Perhaps the best way I can describe this book is to call it the must-have manual or bible for anyone who wants to raise well-adjusted children and foster a loving and connected family atmosphere (and who doesn’t?). Definitely not your average cookbook. Laurie David, producer of An Inconvenient Truth, author of Stop Global Warming and former wife of Curb Your Enthusiasm’s Larry David, is a passionate parent who strongly believes that simply by consistently having one meal a day together, today’s overwhelmed, busy, technology-addicted families can learn how to engage and converse with one another, feel more connected as a family unit, and eat healthier and help the planet to boot.
David shares that research consistently proves that everything we worry about as parents – from drugs and alcohol, promiscuity, to obesity, academic achievement and just good old nutrition – can all be improved by the simple act of eating and talking together around the table. The book is divided into themed chapters to cover everything well-meaning (but busy) parents need to know, including easy steps and rules to having a successful dinner, setting the scene, involving everyone in the cooking and preparing, ways to express gratitude, conversation starters and inspirational ideas from the news, books, and poetry.

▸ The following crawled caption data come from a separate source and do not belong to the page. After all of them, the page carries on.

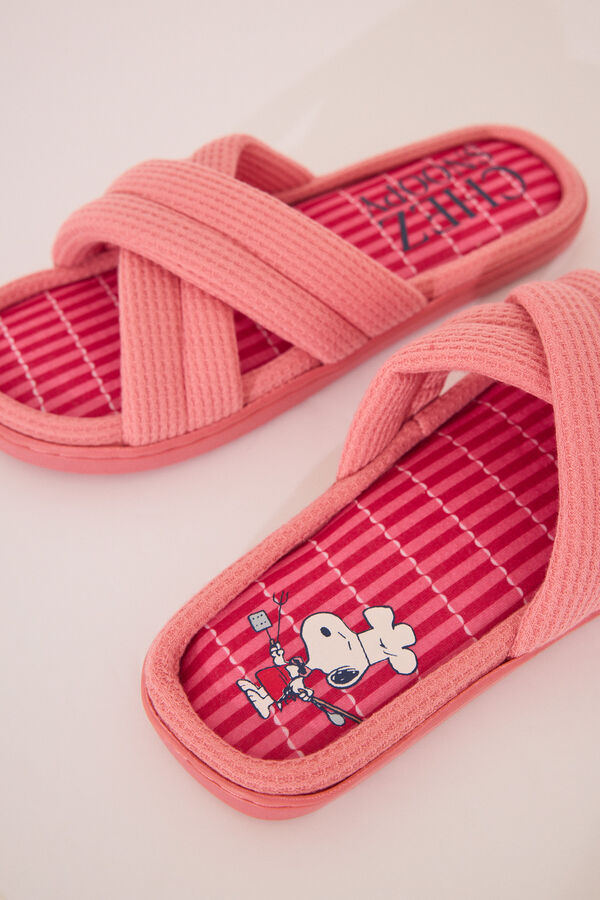 Womensecret Pantuflas para casa con relleno rosas de Snoopy rosa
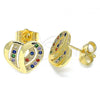 Oro Laminado Stud Earring, Gold Filled Style Heart Design, with Multicolor Micro Pave, Polished, Golden Finish, 02.94.0107.2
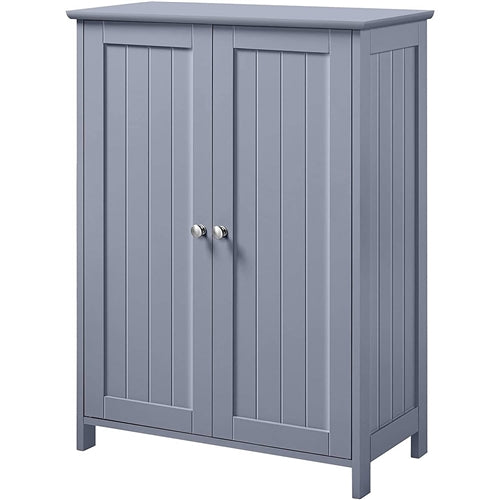 Gray Wood 2-Door Freestanding Bathroom Floor Cabinet Kitchen Storage Cupboard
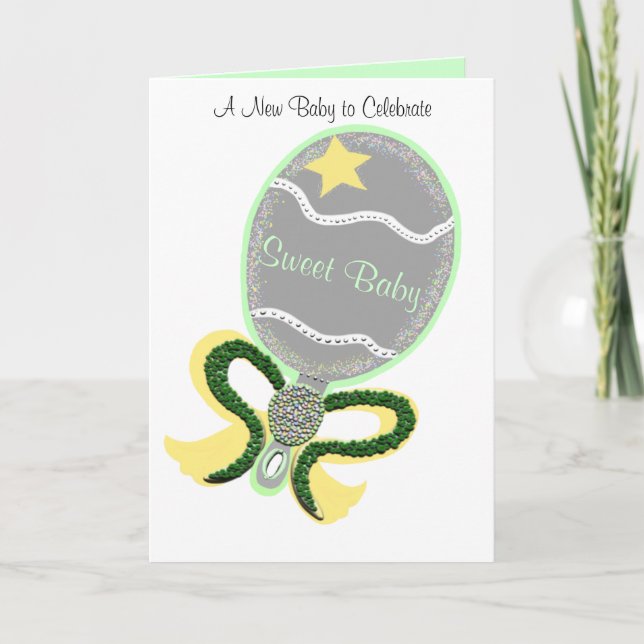 Tarjeta Recién nacido Felicitaciones Green Yellow Rattle (Anverso)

There are over 75 fantastic recipes submitted by the family’s Danish friend and personal chef, Kirstin Uhrenholdt, including tips on getting kids involved. There’s also a great section about how to keep the family dinner ritual intact in the months and years following a divorce or family change.
The book also focuses on how family dinners offer an opportunity to help sustain our planet in addition to our family connectedness. There are plenty of green tips, including composting, growing your own vegetables and herbs, eating less meat (there’s a whole chapter on “Meatless Mondays” including plenty of veggie recipes) and using organic and local produce in your everyday cooking.
As if that weren’t enough, Laurie has incorporated personal stories, words of wisdom, tips and advice from a wide range of well-known chefs, restaurateurs, celebrities, authors, poets, academics, doctors, food activists, and family and parenting experts, which add credibility, interest and inspiration to this gem of a book. These contributions are scattered throughout the book amongst the recipes, text, and beautiful photos, making the whole thing very visually appealing and easy to read.
Perhaps the only criticism I have of The Family Dinner is how the recipes are organized. They are included within certain chapters by theme; for example, vegetarian recipes can be found in the Meatless Mondays chapter, easy and fast recipes are to be found in the Fast Recipes section, recipes that the kids will have fun helping out with are in the Cook Together chapter, etc. It makes sense as you read the book straight through but when it comes down to finding a recipe to cook for tonight’s dinner, you’ll have to do a bit of searching and flipping pages to find the one you want.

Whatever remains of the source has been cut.